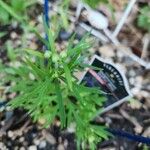 Delphinium grandiflorum Feuille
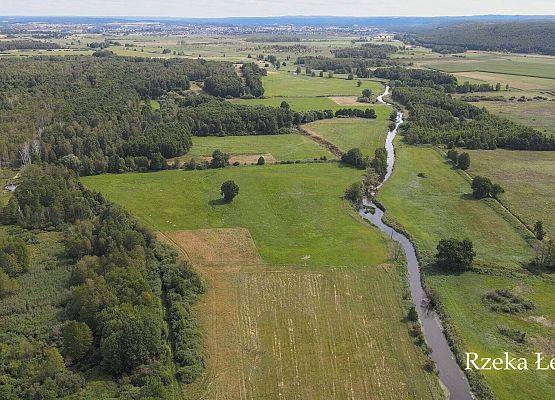 Grafika 3: WOŚP: spływ canoe rzeką Łebą z Wójtem Gminy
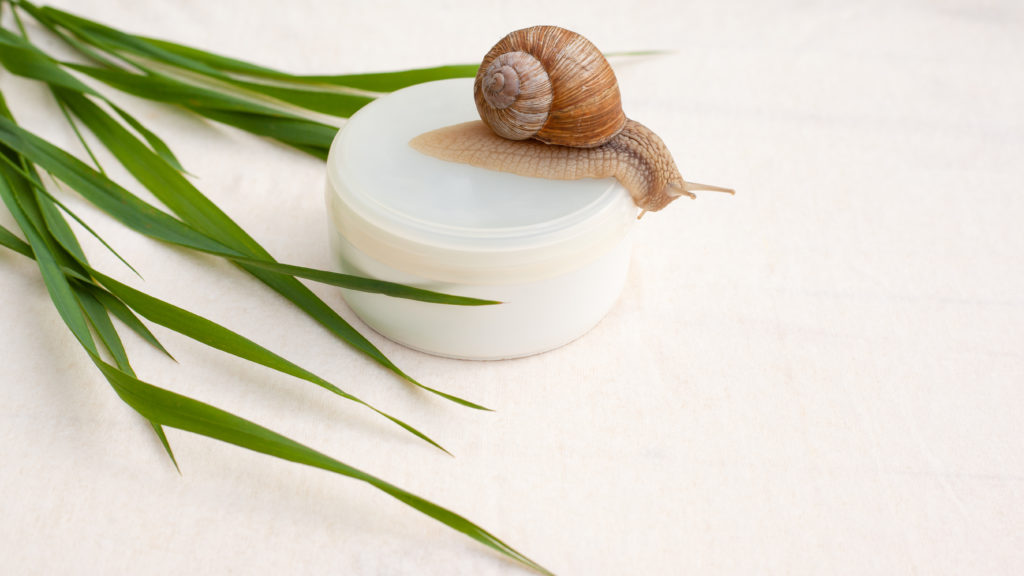 Side Effects With Snail Mucin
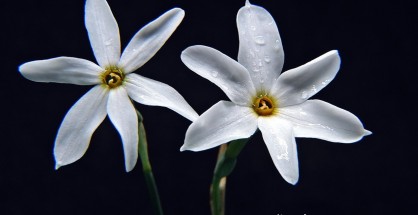 1_Narcissus obsoletus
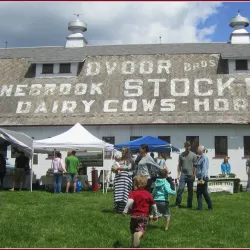 Dvoor Farm - Flemington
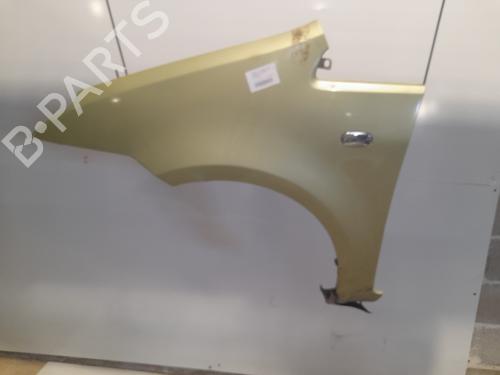 Left front fenders FORD C-MAX (DM2) 1.8 TDCi | BP22316703C41 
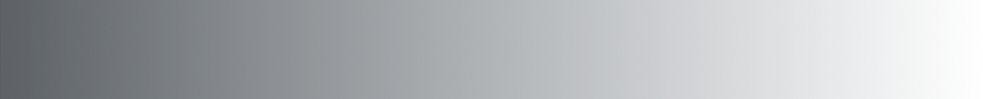 Frame 11.png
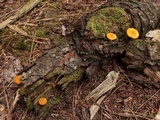 Pluteus chrysophlebius image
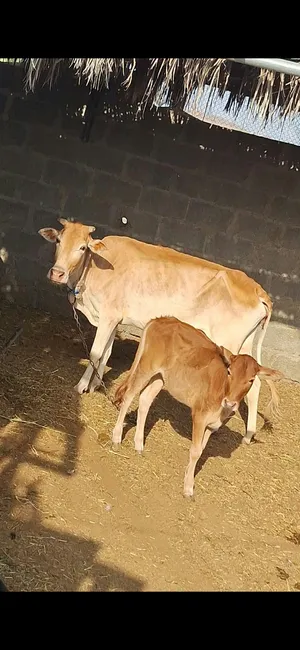 ابقار للبيع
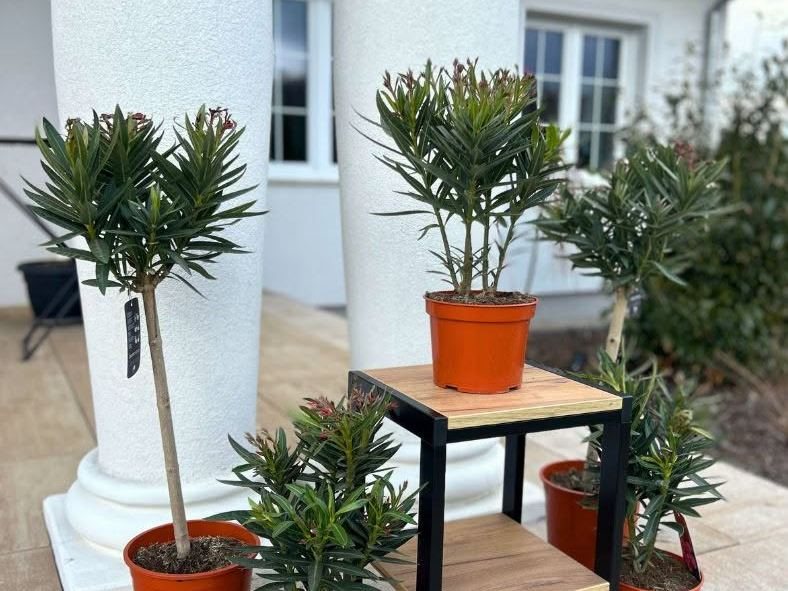 Oleander z uprawy w szkółce w Łagodzinie pod Gorzowem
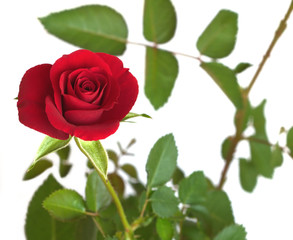 Fototapeta premium Single red rose bud blossom on branch isolated on white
^^^^^^^^^^^^^^^^
Goal of the exercise:
Look above and copy only the lines from the one holding "Grafika 3: WOŚP: spływ" to the one holding "ابقار للبيع", both included, exactly, minus the pictures.

Solution to this problem:
 Grafika 3: WOŚP: spływ canoe rzeką Łebą z Wójtem Gminy
 Side Effects With Snail Mucin
 1_Narcissus obsoletus
 Dvoor Farm - Flemington
 Left front fenders FORD C-MAX (DM2) 1.8 TDCi | BP22316703C41 
 Frame 11.png
 Pluteus chrysophlebius image
 ابقار للبيع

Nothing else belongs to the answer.